La préfecture de police a interdit au total six rassemblements organisés ce week-end à Paris, dont cinq à l'appel de mouvements classés à l'extrême-droite, faisant valoir un risque de troubles à l'ordre public.
Parmi eux, figure un autre événement à l'initiative de l'Action française, une manifestation en hommage à Jeanne d'Arc convoquée dimanche matin au départ de la Place de l'Opéra (IXe arr.).
L'organisation a affirmé avoir également déposé un référé-liberté auprès du tribunal administratif de Paris contre cette interdiction. "Nous aurons la réponse ce (samedi) soir", a indiqué à l'AFP une porte-parole du mouvement.
Une marche de l'association de militaires "Place d'armes" samedi après-midi a elle aussi été interdite, ainsi qu'un rassemblement dimanche matin devant la statue de Jeanne d'Arc déclaré par le mouvement d'extrême-droite "Les nationalistes", prévu en même temps que la manifestation de l'Action française.
Le dirigeant de ce groupuscule, Yvan Benedetti, a également déclaré à l'AFP avoir déposé un recours administratif contre l'arrêté d'interdiction.
Une sixième manifestation, de "gilets jaunes", qui devait emprunter le même parcours que celle de "Place d'armes", a également été interdite par le préfet de police.
- Juridiquement fragile -
Ces arrêtés sont la première traduction de l'instruction donnée mardi aux préfets par le ministre de l'Intérieur Gérald Darmanin d'interdire désormais toute manifestation "de l'ultradroite ou de l'extrême droite".
L'instruction du ministre a été prise en réaction à la polémique suscitée par la manifestation samedi dernier à Paris du "Comité du 9-Mai".
Ces militants, habillés de noir et souvent masqués, ont exhibé des drapeaux noirs marqués de la croix celtique. Ils manifestaient pour commémorer le 29e anniversaire de la mort d'un militant d'extrême droite, Sébastien Deyzieu, décédé accidentellement en 1994.
Dans les arrêtés pris vendredi, le préfet de police Laurent Nuñez justifie l'interdiction notamment par le fait que les rassemblements s'inscrivent dans un "contexte particulièrement tendu" après "la polémique suscitée par la manifestation organisée par le Comité du 9-Mai".
Il pointe aussi le "risque de troubles à l'ordre public", alors que plusieurs de ces manifestations ont suscité des appels à des contre-rassemblements par des organisations "proches de la gauche radicale" et qu'une mobilisation de la "mouvance antifasciste" qui pourrait "tenter de s'en prendre physiquement" aux militants d'ultradroite est possible.

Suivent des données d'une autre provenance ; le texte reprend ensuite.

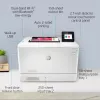 HP Color LaserJet Pro M454dw, tulostus, etu-USB-tulostus; kaksipuolinen tulostus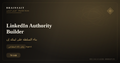 LinkedIn Authority Builder — BrainSAIT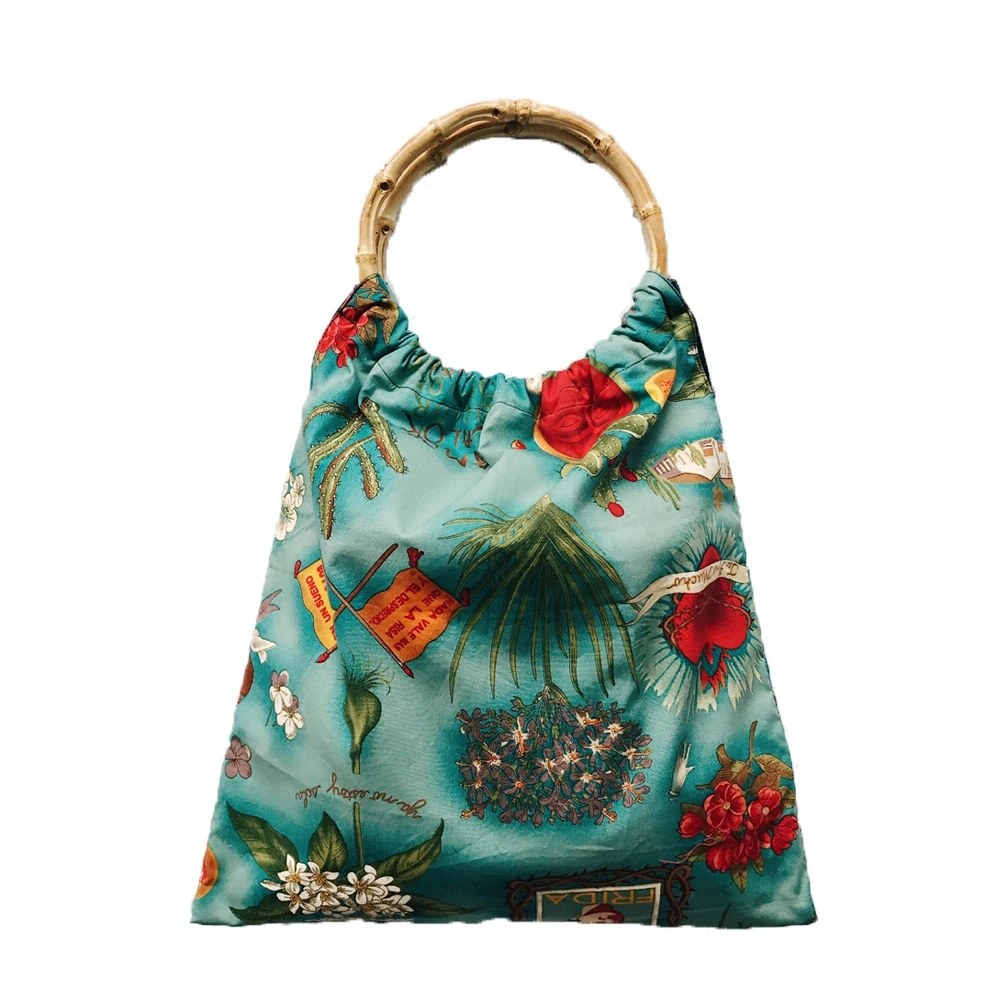 National Ethnic stripes Canvas Cotton Shoulder Tote Bag Tropical leaves Flower Cactus Printing Women Handbags Vintage Bamboo Bag
National Ethnic stripes Canvas Cotton Shoulder Tote Bag Tropical leaves Flower Cactus Printing Women Handbags Vintage Bamboo Bag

Le préfet fait également mention, dans certains arrêtés, des "risques de heurts" entre les militants d'extrême droite eux-mêmes, rappelant que certains s'étaient déjà battus lors de la précédente édition de cet hommage à Jeanne d'Arc.
Mais la décision de Gérald Darmanin a entraîné, elle aussi, une polémique, beaucoup la jugeant juridiquement fragile.
Interrogé mercredi par l'AFP, le professeur de droit public Serge Slama, avait ainsi estimé qu'une telle mesure ne pouvait être prise "de manière générale et absolue".
Des "éléments objectifs, pour étayer le risque de trouble à l'ordre public" doivent être produits au "cas par cas", avait-il expliqué.